The Washington Post, Wall Street Journal's world-wide newsbox, and New York Timesall lead with about 200 rockets hitting Israel and killing eight civilians. Another four soldiers died in fighting near the border after missiles hit their tanks. It was the deadliest day for Israel so far. The Los Angeles Timesand USA Todaylead with top generals telling senators that civil war sure is a possibility in Iraq. "I believe that the sectarian violence is probably as bad as I've seen it," said Gen. John Abizaid, commander of U.S. forces in the Mideast. "If not stopped, it is possible that Iraq could move towards civil war."
Everybody flags Hez chief Nasrallah's TV appearance in which he said that if Beirut is bombed, "We will bomb Tel Aviv." (Israeli airstrikes have mostly stuck to Beirut's suburbs, which Israel hit again this morning.) Nasrallah also insisted that Israel's offensive is being done with "American orders, American arms and American rockets." Finally, he said Hezbollah will stop its rocket attacks if Israel stops its airstrikes.

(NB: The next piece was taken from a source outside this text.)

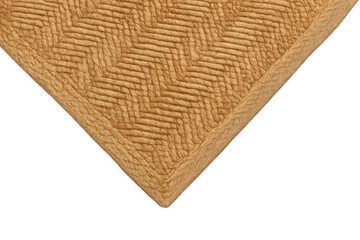 Brown herringbone woven textile texture with transparent background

In response, a "senior Israeli defense source" told Israeli TV, "If Tel Aviv is attacked, Lebanese national infrastructure will be destroyed."
According to Haaretz, Israel's defense minister is pushing to create a buffer zone all the way to the Litani River—about 15 miles north of the border—while Prime Minister Olmert reportedly isn't into the idea.
Israel's Cabinet already approved a four-mile-deep buffer zone, but the Post, citing U.N. observers, says Israel has a long way to go to actually control it: Its soldiers "appeared to be struggling," says the paper. "Most of the day's fighting took place within two miles of the frontier and sometimes only a few hundred yards from it." U.N. officials said Israel was launching raids and not holding land. "It's pinpoint activity," said one official. "They're not occupying territory."
Most of Hezbollah's rockets landed within one hour yesterday, which, as the Post suggests, is further evidence that Hezbollah units can still coordinate. (Hezbollah launched one volley, waited a bit, and then launched a much bigger barrage: Four Israelis who had left shelters assuming that the attack was over were killed.)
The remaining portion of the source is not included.